ASSIGNMENT -
Print the line that contains "Image 2 : DEWALT AIR COMPRESSOR", then every line after it until the entries end, exactly as they read; do not include pictures.
###
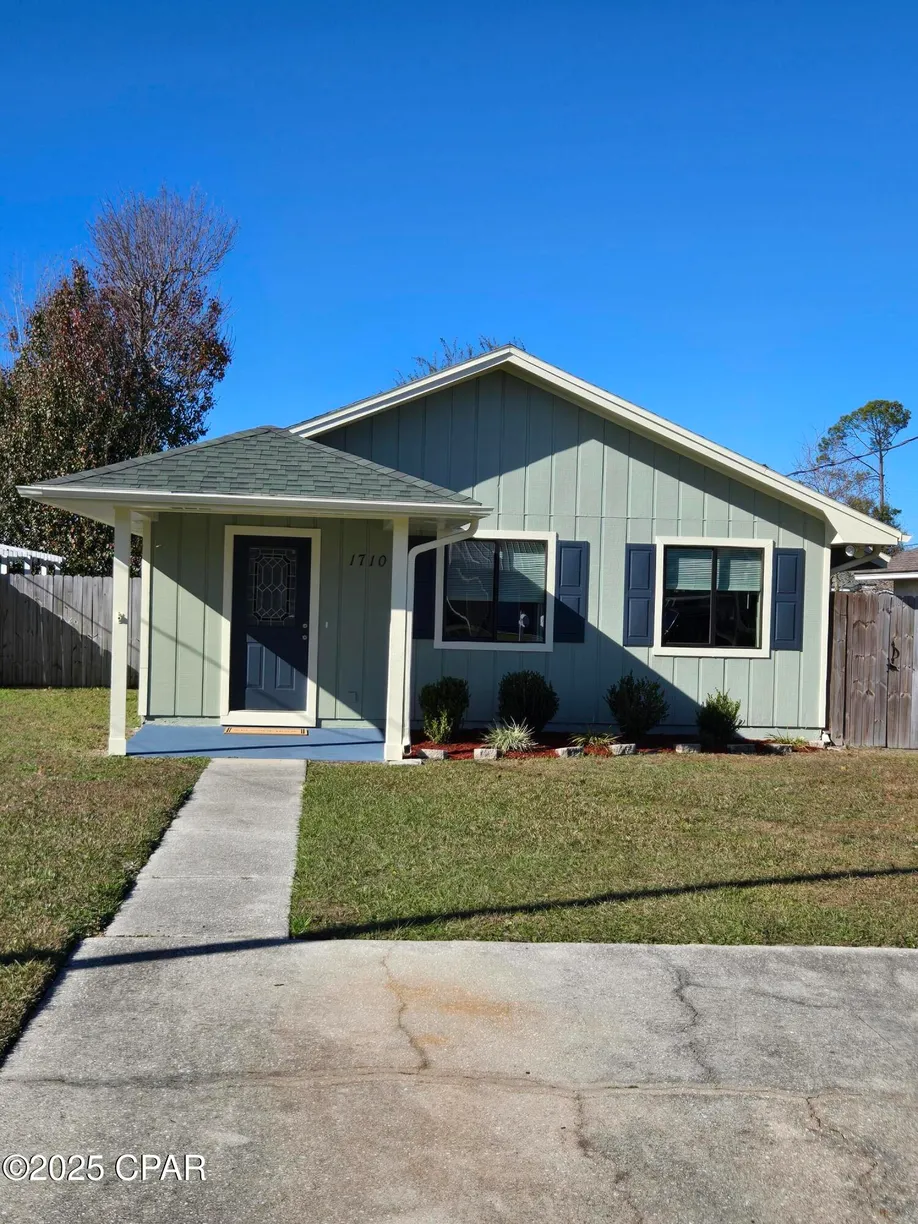 Northwest Florida Real Estate | View 1710 Illinois Avenue | 3 Beds, 2 Baths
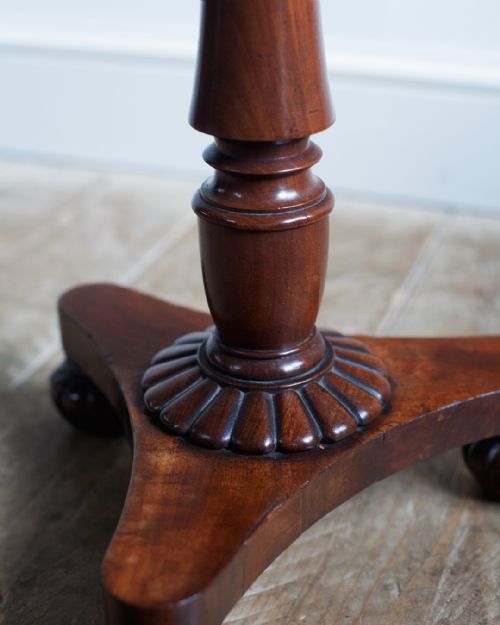 WILLIAM IV MAHOGANY PEDESTAL LAMP TABLE - ADDITIONAL PHOTO 6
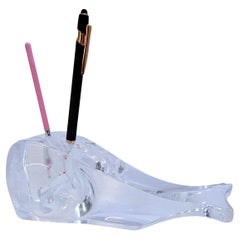 Escultura funcional vintage MCM Lucite Whale para escritorio o tocador de Ritts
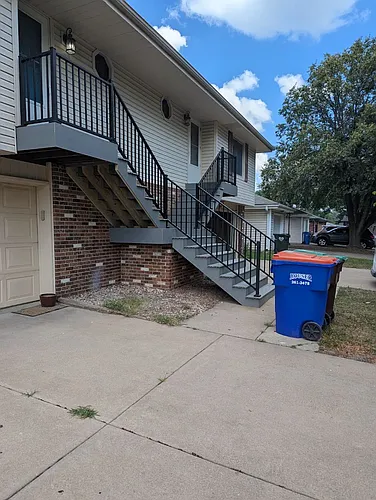 3720 Clover Cir Photo 1
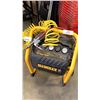 Image 2 : DEWALT AIR COMPRESSOR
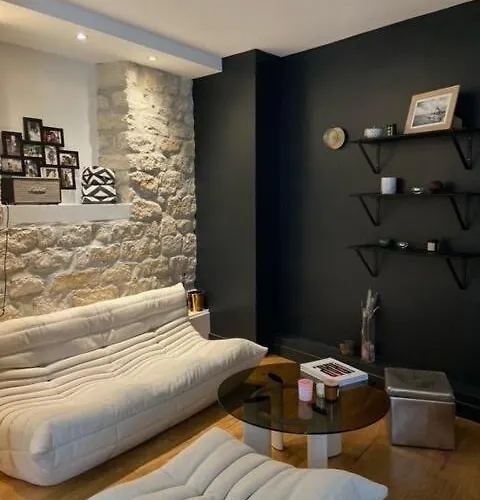 Beautiful Apartment In Le Marais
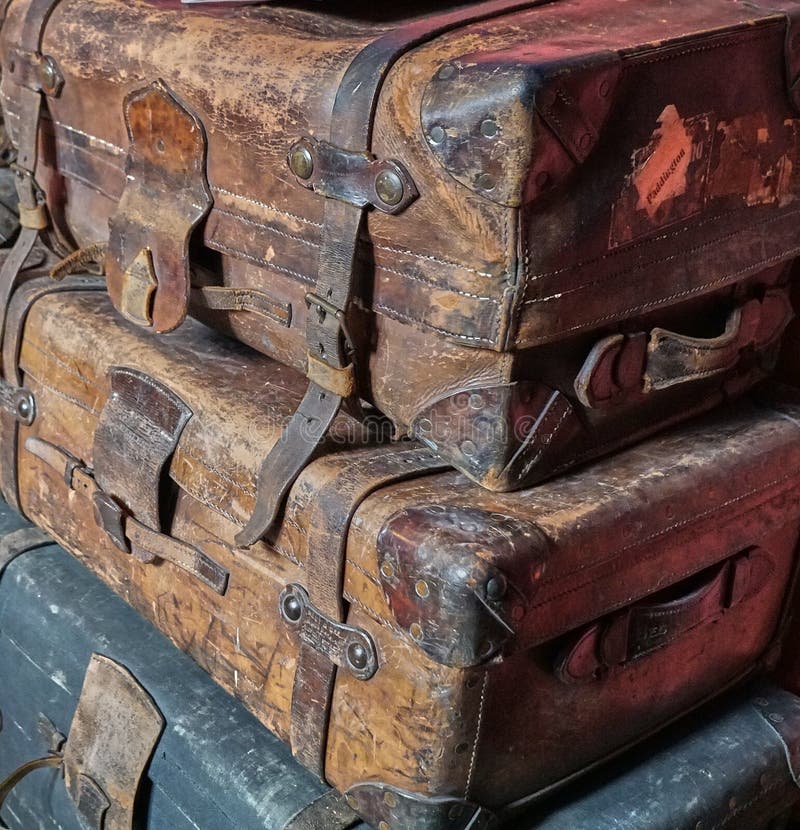 Bunt av gammalt slitet ut viktorianskt bagage royaltyfri foto Bunt av gammalt slitet ut viktorianskt bagage royaltyfri foto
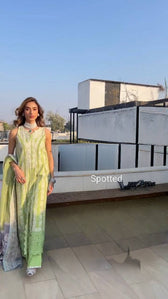 Spotted in Saira Shakira Lawn 25/NADINE-B/Pear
###
RESPONSE TO THE TASK -
 Image 2 : DEWALT AIR COMPRESSOR
 Beautiful Apartment In Le Marais
 Bunt av gammalt slitet ut viktorianskt bagage royaltyfri foto Bunt av gammalt slitet ut viktorianskt bagage royaltyfri foto
 Spotted in Saira Shakira Lawn 25/NADINE-B/Pear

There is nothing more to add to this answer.